[WHAT YOU ARE ASKED TO DO]: Using the data below, reproduce exactly the lines from the line with "موسى حوامدة" to the line with "Casa à venda, 3", both included; pictures must be dropped.

[DATA SUPPLIED]:
• • •

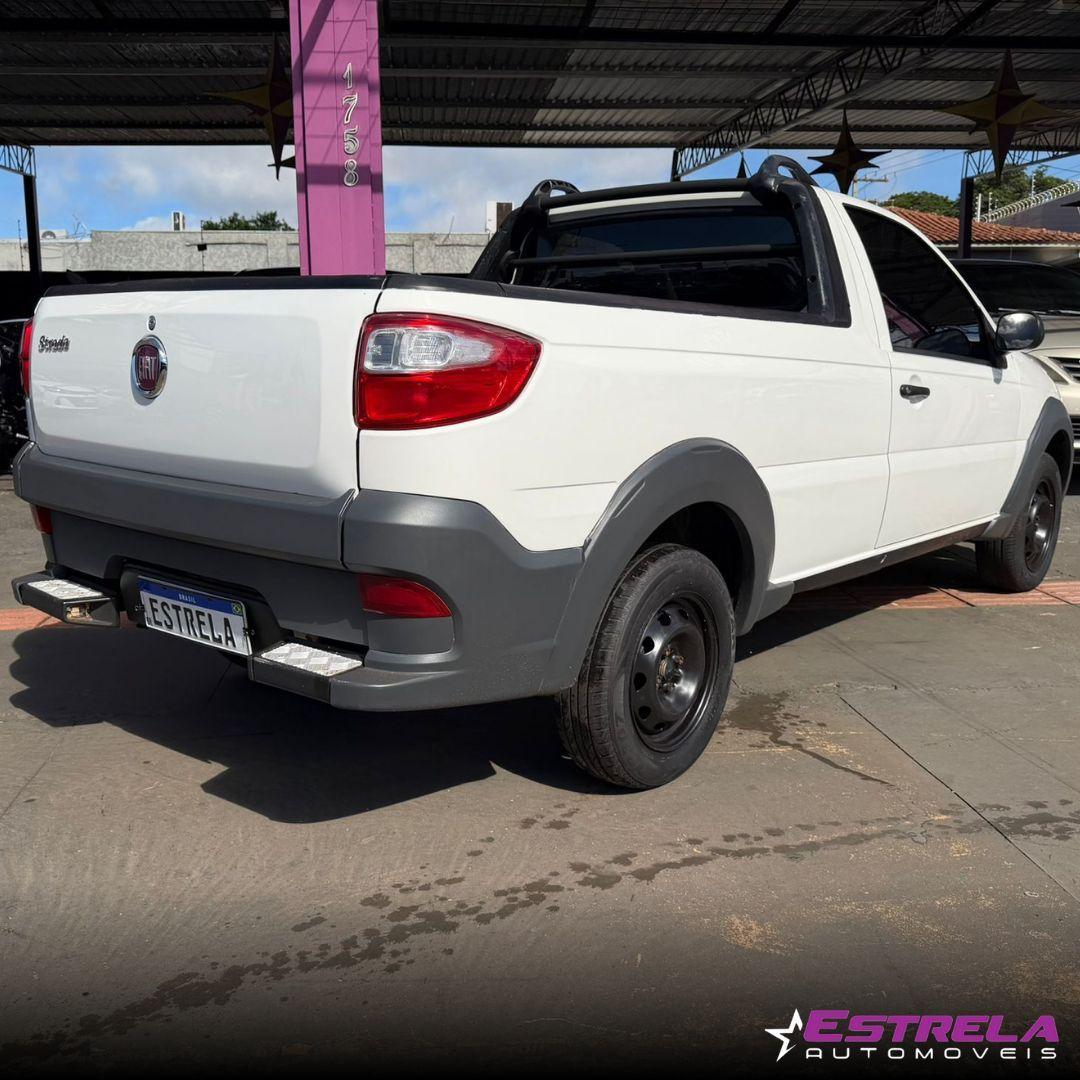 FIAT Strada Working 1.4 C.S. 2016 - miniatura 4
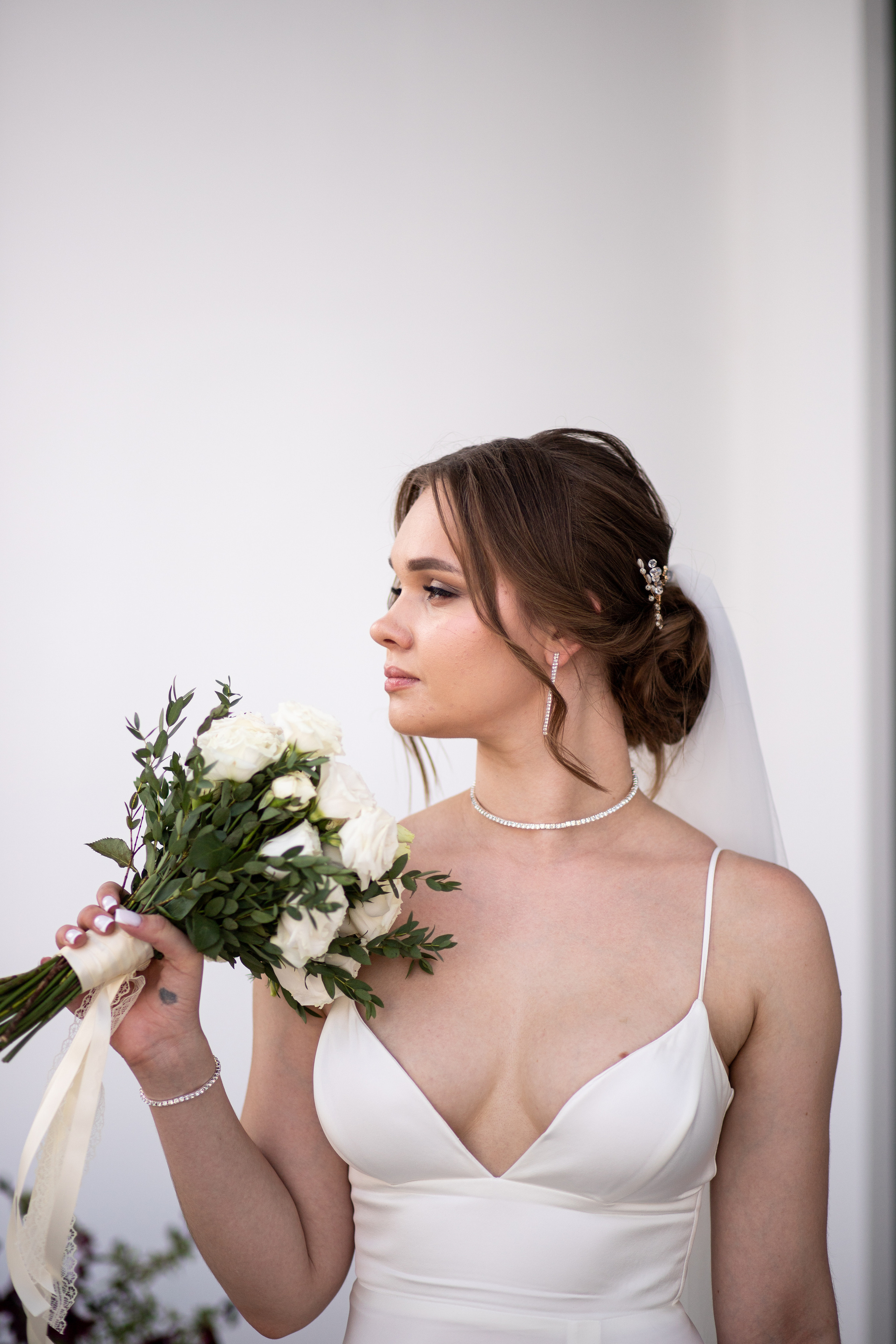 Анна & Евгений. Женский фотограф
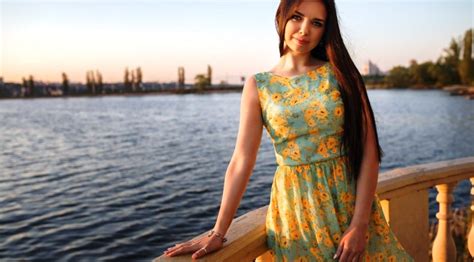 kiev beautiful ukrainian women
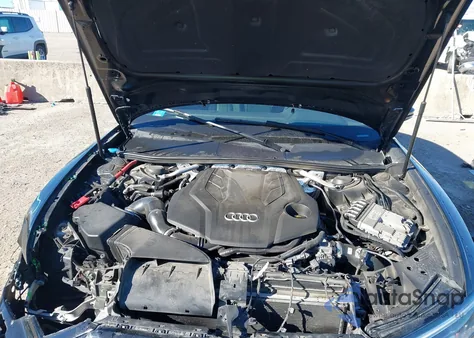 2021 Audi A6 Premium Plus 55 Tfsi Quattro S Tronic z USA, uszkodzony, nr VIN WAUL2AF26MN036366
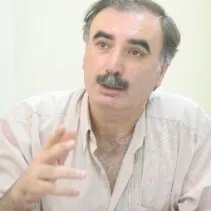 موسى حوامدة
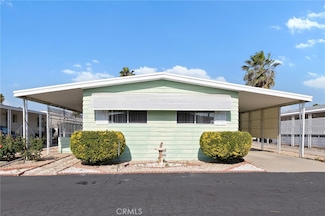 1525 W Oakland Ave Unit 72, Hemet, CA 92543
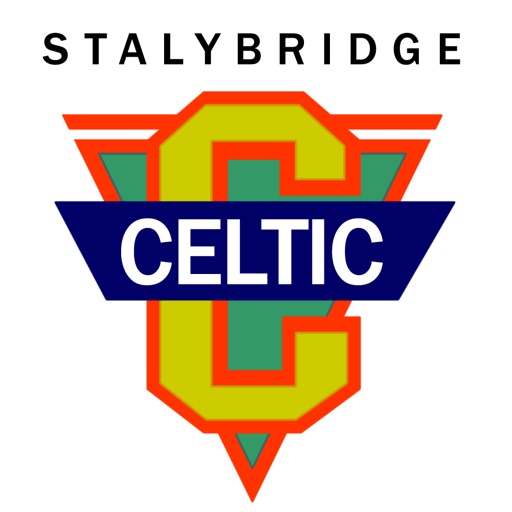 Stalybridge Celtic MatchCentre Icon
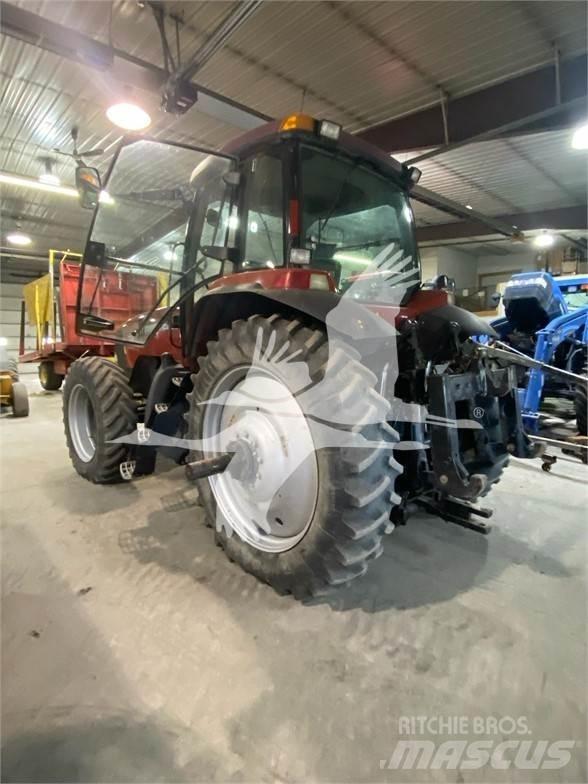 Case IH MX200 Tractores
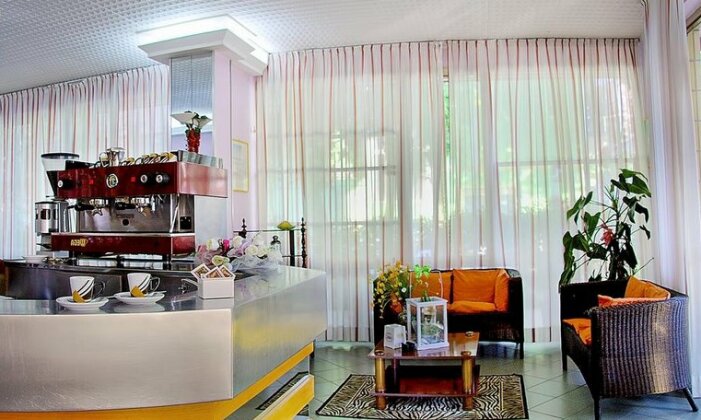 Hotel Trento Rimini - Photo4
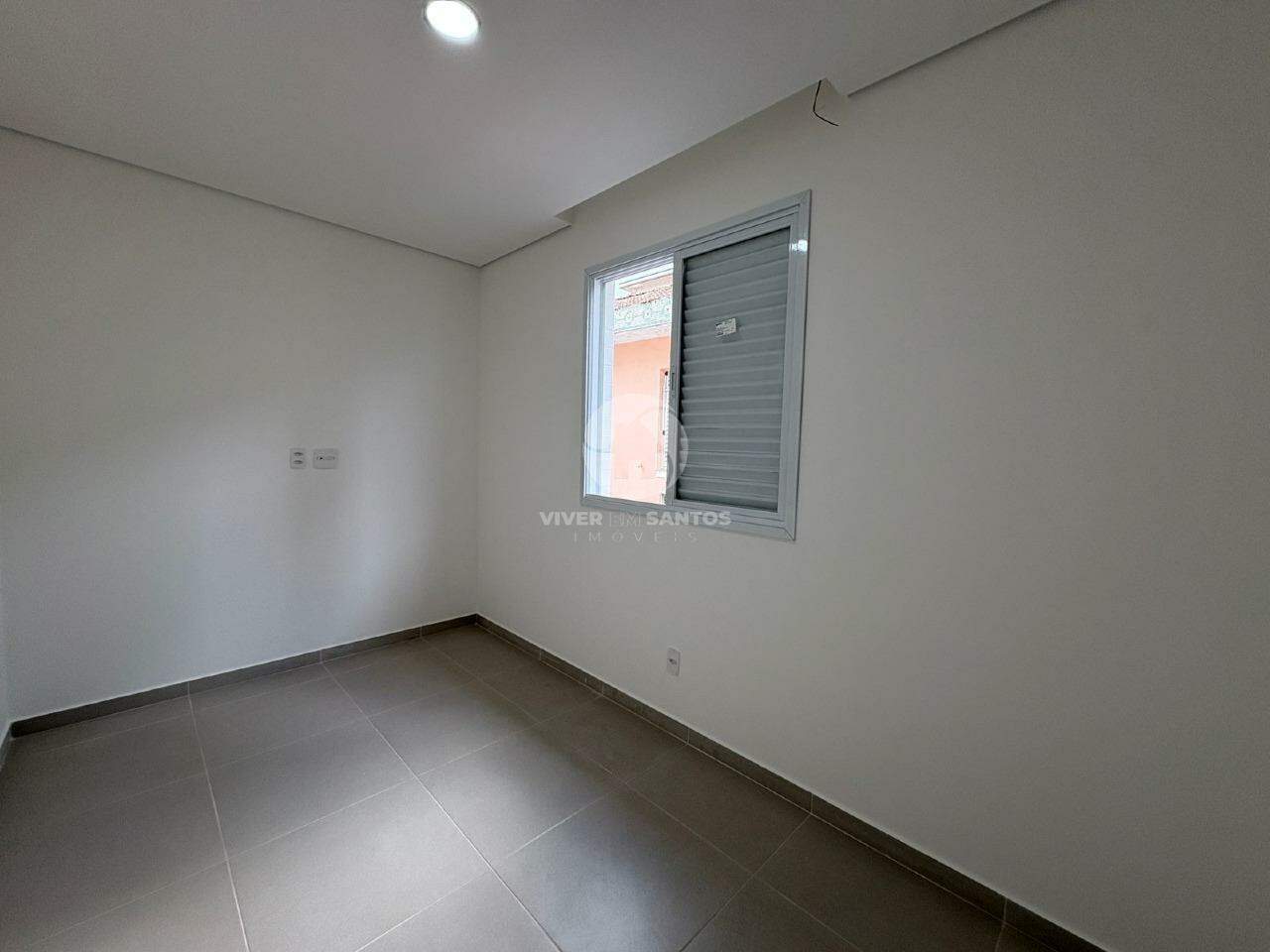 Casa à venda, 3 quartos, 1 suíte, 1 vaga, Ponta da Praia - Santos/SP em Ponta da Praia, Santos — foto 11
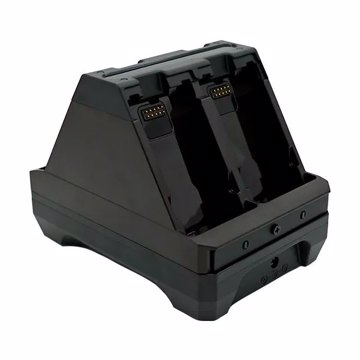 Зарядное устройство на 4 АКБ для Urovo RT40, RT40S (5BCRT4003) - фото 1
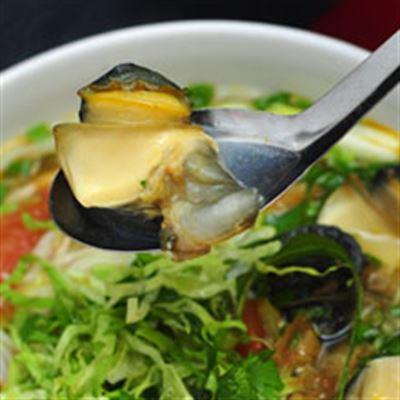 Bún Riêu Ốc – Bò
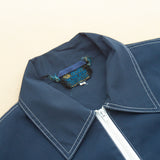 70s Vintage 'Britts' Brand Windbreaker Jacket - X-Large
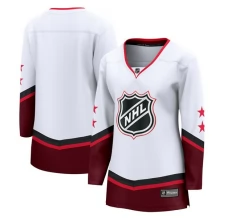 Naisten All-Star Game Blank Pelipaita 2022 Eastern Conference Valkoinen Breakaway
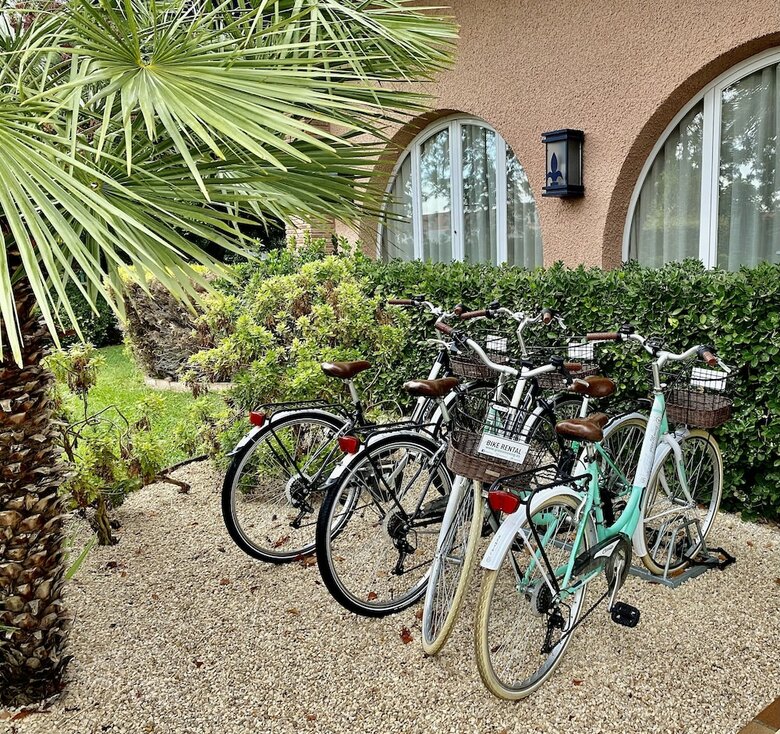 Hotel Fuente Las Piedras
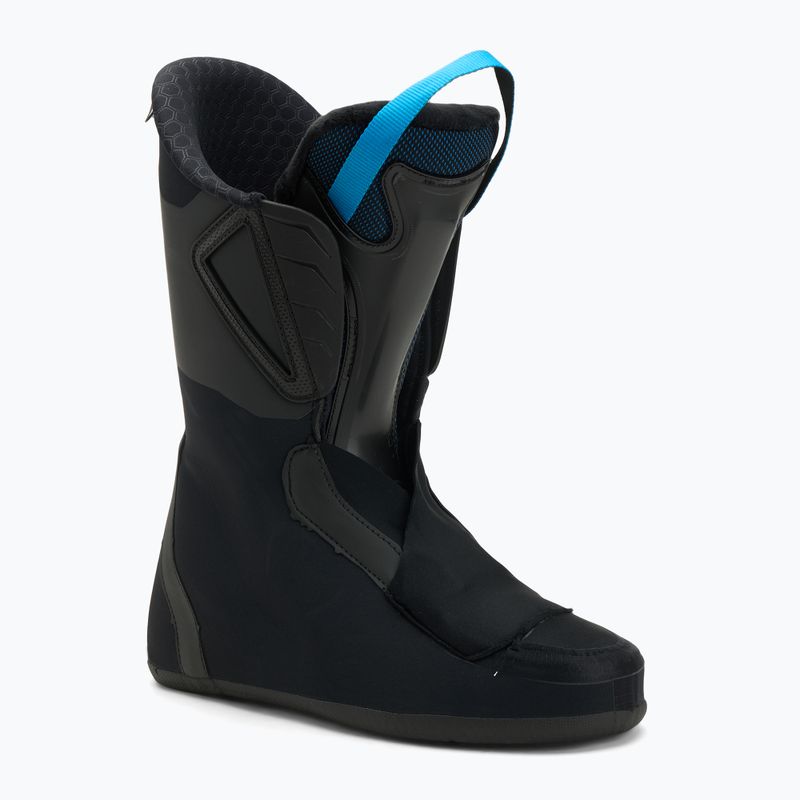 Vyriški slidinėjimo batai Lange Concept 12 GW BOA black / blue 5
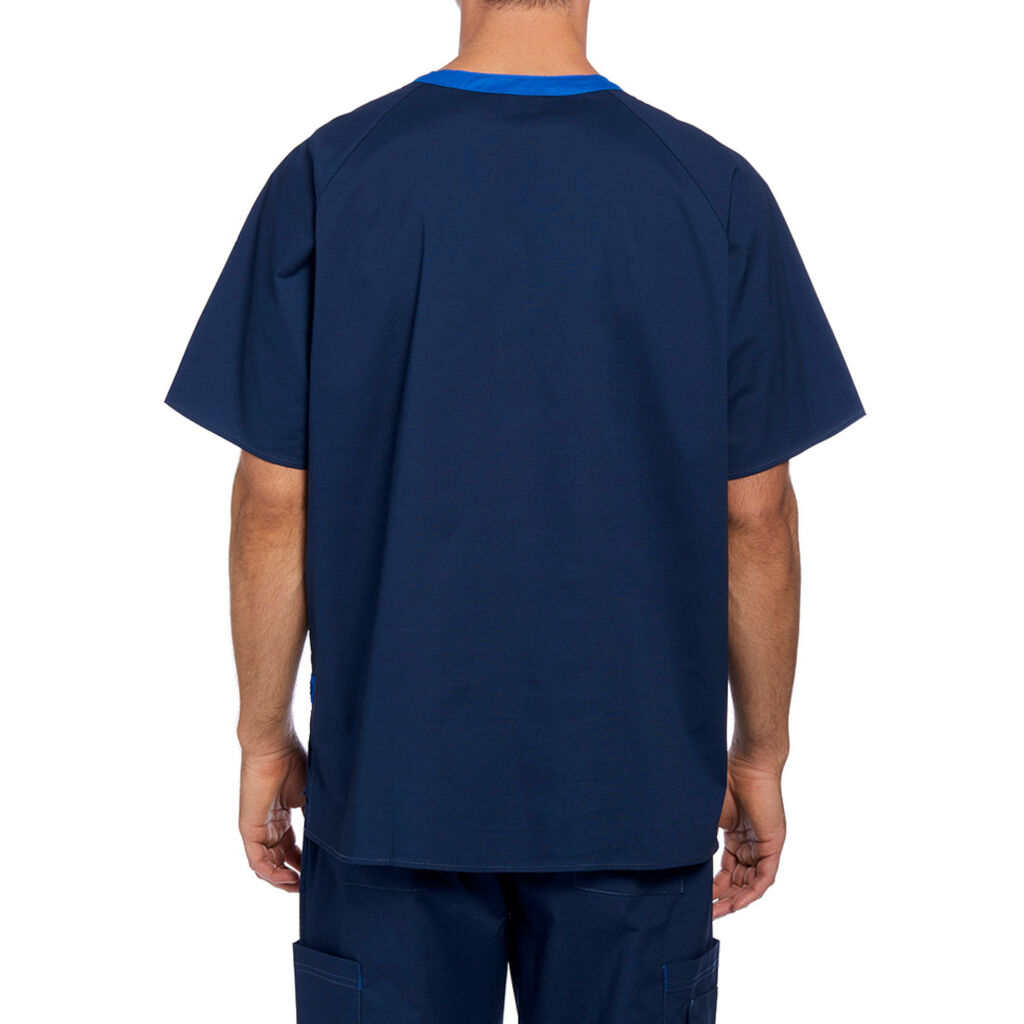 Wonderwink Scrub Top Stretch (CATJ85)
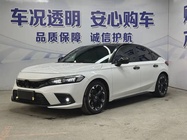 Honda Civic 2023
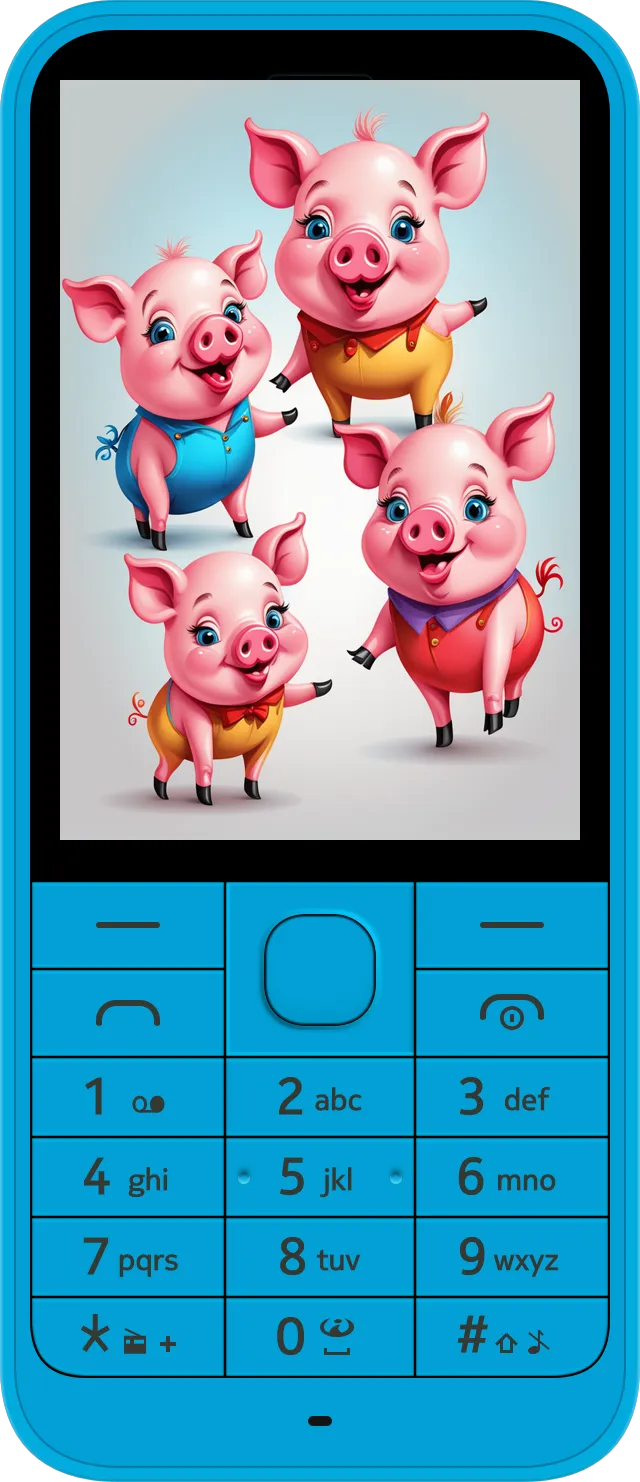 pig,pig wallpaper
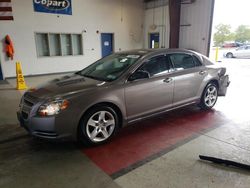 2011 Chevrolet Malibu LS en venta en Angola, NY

• • •

[SOLUTION TO THIS TASK]:
 موسى حوامدة
 1525 W Oakland Ave Unit 72, Hemet, CA 92543
 Stalybridge Celtic MatchCentre Icon
 Case IH MX200 Tractores
 Hotel Trento Rimini - Photo4
 Casa à venda, 3 quartos, 1 suíte, 1 vaga, Ponta da Praia - Santos/SP em Ponta da Praia, Santos — foto 11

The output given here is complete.